Patients with Moderate-to-Severe Psoriasis Reporting No Impact on Dermatology Life Quality Index for 156 Consecutive Weeks: A Post-Hoc Analysis of the VOYAGE 1 Trial Through 5 Years of Guselkumab Treatment
In the Phase III VOYAGE 1 trial, GUS treatment showed better results in the Dermatology Life Quality Index (DLQI) compared with adalimumab in patients with moderate-to-severe PsO for up to 48 weeks.1 However, the long-term impact of GUS treatment on DLQI and PASI is less well-understood.11-13 This post-hoc analysis of VOYAGE 1 evaluated PASI scores in patients receiving GUS who achieved a DLQI score of 0/1 for ≥156 consecutive weeks over the 5-year trial period, as well as patients with a DLQI score of 0 for ≥156 consecutive weeks.

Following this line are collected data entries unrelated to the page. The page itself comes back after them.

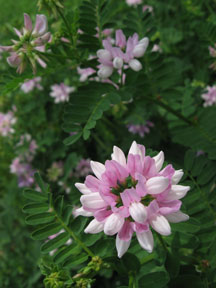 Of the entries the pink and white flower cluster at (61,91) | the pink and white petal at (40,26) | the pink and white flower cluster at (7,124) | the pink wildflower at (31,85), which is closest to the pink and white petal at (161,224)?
the pink and white petal at (40,26)

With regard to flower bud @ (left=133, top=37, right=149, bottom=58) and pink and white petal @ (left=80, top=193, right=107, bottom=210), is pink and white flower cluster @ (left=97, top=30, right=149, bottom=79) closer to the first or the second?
flower bud @ (left=133, top=37, right=149, bottom=58)

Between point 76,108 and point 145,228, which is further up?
point 76,108

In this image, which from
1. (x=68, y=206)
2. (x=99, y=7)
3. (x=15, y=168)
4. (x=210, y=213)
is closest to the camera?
(x=68, y=206)

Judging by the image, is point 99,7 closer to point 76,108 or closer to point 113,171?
point 76,108

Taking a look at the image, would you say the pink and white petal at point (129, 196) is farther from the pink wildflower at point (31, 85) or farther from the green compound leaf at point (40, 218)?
the pink wildflower at point (31, 85)

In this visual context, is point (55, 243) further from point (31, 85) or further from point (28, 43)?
point (31, 85)

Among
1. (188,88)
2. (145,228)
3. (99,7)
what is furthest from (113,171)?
(188,88) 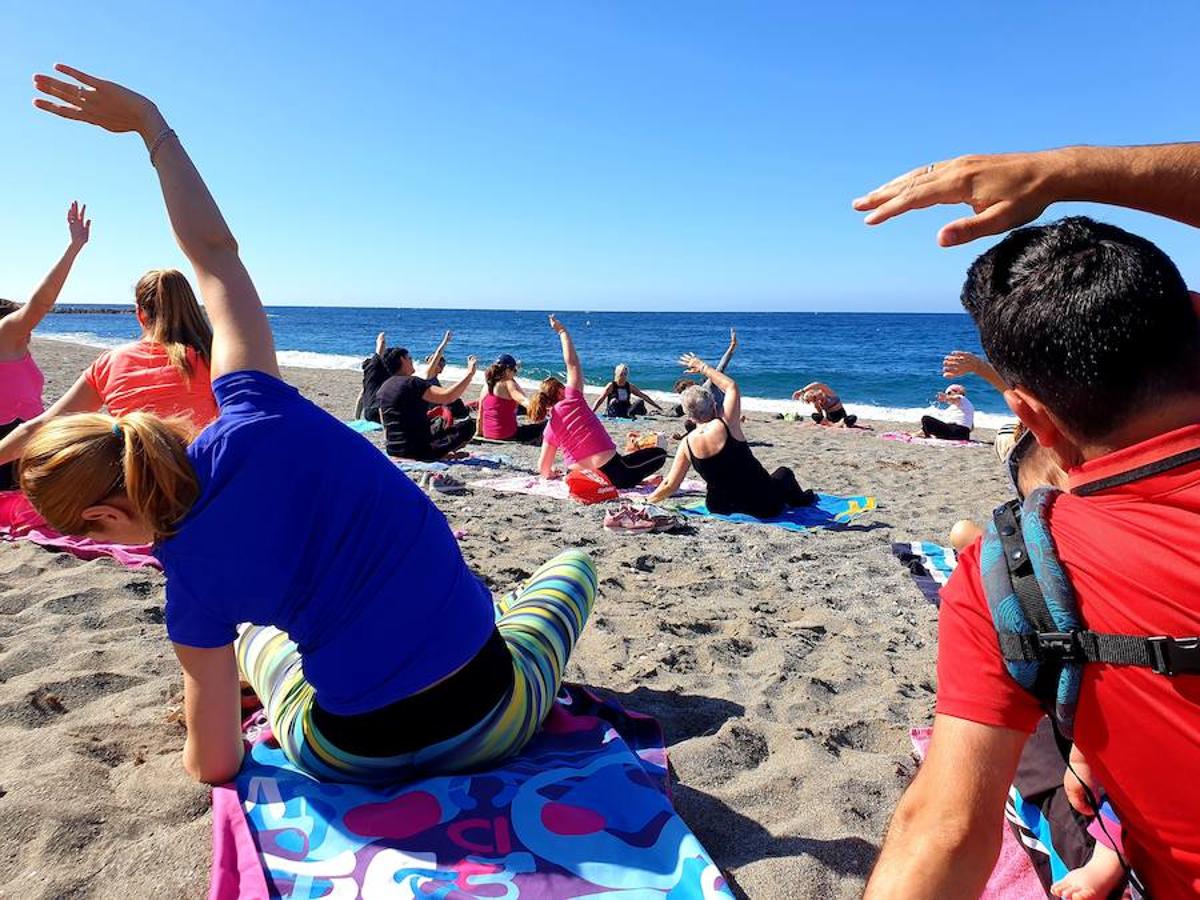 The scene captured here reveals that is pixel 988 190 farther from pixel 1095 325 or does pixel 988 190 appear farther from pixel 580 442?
pixel 580 442

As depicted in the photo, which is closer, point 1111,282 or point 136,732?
point 1111,282

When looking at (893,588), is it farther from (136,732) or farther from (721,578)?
(136,732)

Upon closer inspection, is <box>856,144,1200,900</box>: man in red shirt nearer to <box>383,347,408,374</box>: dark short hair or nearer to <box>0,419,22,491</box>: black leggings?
<box>0,419,22,491</box>: black leggings

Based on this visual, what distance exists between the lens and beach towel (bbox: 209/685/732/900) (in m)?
2.10

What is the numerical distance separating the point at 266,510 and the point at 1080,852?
2.25m

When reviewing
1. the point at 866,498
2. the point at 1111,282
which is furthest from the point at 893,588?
the point at 1111,282

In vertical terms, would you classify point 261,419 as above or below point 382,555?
above

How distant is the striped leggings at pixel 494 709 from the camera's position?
2.47 metres

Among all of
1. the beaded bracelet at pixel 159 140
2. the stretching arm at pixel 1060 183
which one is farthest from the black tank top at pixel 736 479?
the stretching arm at pixel 1060 183

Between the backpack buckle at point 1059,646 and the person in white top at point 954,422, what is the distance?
12.6m

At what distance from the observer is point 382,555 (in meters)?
2.23

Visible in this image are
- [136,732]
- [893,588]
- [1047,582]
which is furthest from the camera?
[893,588]

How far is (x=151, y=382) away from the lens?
4258mm

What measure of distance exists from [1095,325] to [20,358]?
6.16 m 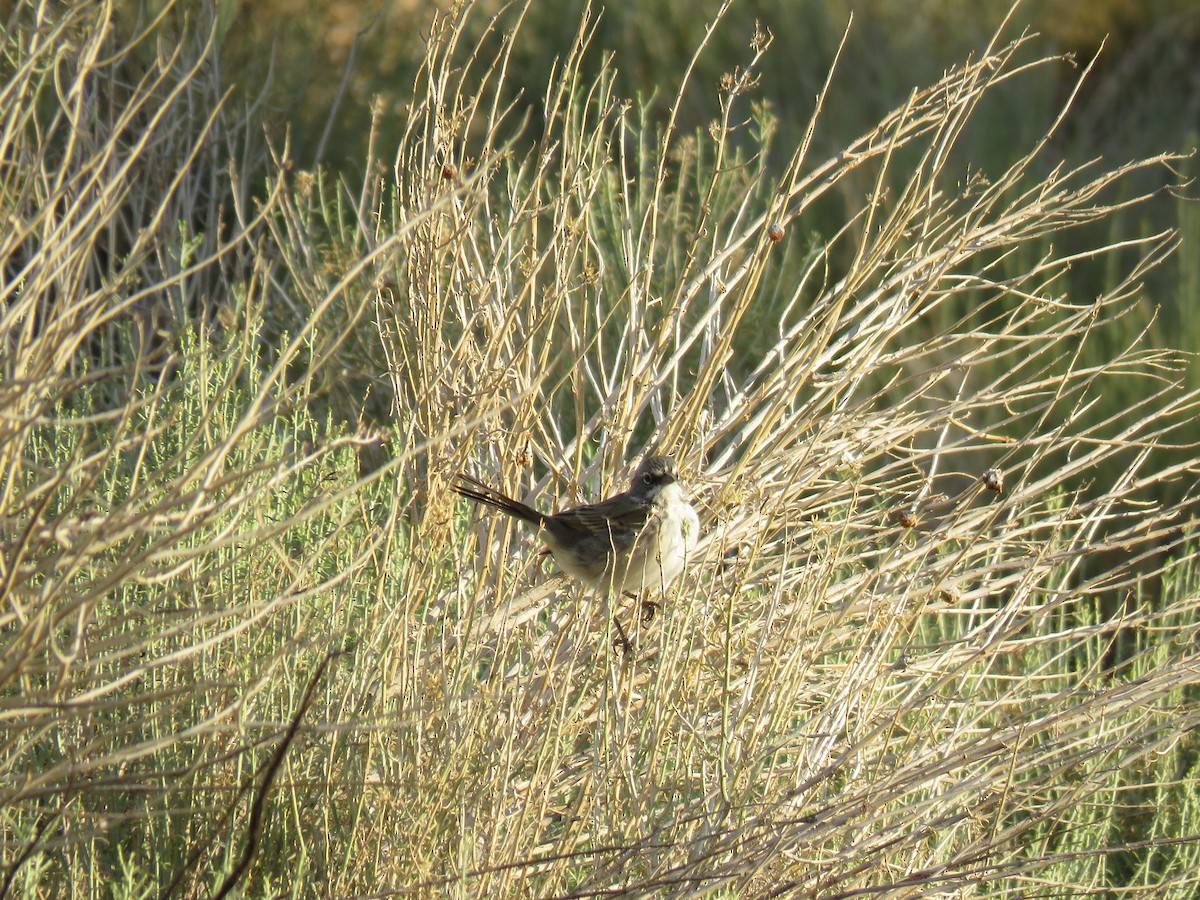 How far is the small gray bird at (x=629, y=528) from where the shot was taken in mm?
3504

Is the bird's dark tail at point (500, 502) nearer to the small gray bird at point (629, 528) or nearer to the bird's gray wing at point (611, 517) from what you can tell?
the small gray bird at point (629, 528)

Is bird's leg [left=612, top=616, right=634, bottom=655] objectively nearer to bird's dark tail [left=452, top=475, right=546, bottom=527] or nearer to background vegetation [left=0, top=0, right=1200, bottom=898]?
background vegetation [left=0, top=0, right=1200, bottom=898]

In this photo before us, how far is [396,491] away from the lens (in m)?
2.84

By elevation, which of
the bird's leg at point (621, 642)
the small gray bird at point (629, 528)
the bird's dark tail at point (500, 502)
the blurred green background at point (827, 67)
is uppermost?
the blurred green background at point (827, 67)

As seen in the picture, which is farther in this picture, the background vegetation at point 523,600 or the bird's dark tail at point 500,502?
the bird's dark tail at point 500,502

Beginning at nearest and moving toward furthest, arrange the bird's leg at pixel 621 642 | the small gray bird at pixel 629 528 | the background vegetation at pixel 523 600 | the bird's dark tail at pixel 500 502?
the background vegetation at pixel 523 600 → the bird's leg at pixel 621 642 → the bird's dark tail at pixel 500 502 → the small gray bird at pixel 629 528

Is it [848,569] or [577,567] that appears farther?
[848,569]

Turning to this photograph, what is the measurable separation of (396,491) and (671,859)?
84 cm

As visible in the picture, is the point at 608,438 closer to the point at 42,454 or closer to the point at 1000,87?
→ the point at 42,454

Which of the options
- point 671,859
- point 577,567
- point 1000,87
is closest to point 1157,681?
point 671,859

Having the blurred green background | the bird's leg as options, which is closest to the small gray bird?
the bird's leg

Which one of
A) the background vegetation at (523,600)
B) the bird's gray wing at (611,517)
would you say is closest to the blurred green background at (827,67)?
the background vegetation at (523,600)

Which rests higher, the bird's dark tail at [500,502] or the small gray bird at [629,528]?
the bird's dark tail at [500,502]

Of the 494 evaluable patients, 230 (46.6%) achieved a DLQI score of 0/1 for ≥156 consecutive weeks. Of these patients, 143 (43.5%) started GUS treatment at Week 0, and 87 (52.7%) began at Week 16. Similarly, of these 494 patients, 138 (27.9%) achieved a DLQI score of 0 for ≥156 consecutive weeks. In this group, 89 (27.1%) started GUS treatment at Week 0, and 49 (29.7%) at Week 16. Within the patient group achieving a DLQI score of 0/1 and the subgroup of those with a DLQI score of 0, PASI scores closely mirrored the development of the DLQI scores over the 252 weeks of treatment. Patients who did not maintain DLQI 0/1 for ≥156 consecutive weeks had numerous differences in baseline characteristics such as sex, PASI score, body surface area of involvement, alcohol consumption, and BMI category compared with those who did maintain it.

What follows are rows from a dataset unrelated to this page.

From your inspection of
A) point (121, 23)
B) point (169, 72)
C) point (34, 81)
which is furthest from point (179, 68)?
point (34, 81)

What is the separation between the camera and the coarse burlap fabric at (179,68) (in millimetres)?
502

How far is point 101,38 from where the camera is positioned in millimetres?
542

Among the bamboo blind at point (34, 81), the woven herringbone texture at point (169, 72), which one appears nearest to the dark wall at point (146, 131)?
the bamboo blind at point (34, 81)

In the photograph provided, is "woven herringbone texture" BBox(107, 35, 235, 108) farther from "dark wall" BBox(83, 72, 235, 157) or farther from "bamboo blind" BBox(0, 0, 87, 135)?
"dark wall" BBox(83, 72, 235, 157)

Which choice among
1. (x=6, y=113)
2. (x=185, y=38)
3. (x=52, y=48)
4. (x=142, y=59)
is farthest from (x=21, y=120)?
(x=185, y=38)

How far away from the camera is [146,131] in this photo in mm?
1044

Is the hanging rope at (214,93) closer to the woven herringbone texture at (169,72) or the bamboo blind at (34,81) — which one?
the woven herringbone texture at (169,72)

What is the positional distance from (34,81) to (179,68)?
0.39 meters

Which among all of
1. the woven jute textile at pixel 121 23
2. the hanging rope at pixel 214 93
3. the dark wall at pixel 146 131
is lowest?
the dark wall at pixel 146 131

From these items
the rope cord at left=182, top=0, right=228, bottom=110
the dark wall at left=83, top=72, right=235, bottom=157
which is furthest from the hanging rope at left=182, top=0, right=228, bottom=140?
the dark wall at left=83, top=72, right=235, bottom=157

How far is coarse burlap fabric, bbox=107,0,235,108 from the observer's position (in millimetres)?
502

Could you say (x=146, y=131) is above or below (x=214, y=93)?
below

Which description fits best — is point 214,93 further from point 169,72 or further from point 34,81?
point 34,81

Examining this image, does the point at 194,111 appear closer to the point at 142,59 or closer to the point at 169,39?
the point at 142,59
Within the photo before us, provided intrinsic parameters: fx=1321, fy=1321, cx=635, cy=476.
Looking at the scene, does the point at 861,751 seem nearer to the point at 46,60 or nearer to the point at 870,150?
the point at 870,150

In conclusion, a substantial number of patients who received GUS experienced no PsO-related impact on their quality of life (QoL) for ≥3 years, with improvements in QoL typically observed within 24 weeks of treatment initiation. These results show that treatment with GUS is strongly associated with long-term maintenance of a DLQI score of 0/1 and support the use of GUS in this patient population.
Conclusions
To summarise, the most recent data from the GUS clinical trial programme offer clinically meaningful insights into the efficacy and tolerability features of this treatment on a long-term scale. GUS demonstrated a complete or almost complete skin clearance profile through 5 years of treatment in patients from the VOYAGE 1 study, without any new safety concerns observed or PsO-related impact on their QoL. Furthermore, GUS treatment results from patients with PsA presented significantly improved joint and skin response rates from baseline, until completion of the DISCOVER 2 trial, accompanied by a positive benefit–risk characterisation of the therapy. Finally, collected data from patients treated with GUS with moderate-to-severe PsO from VOYAGE 1 and VOYAGE 2 studies showed low rates of infection-related AEs at the end of the trials.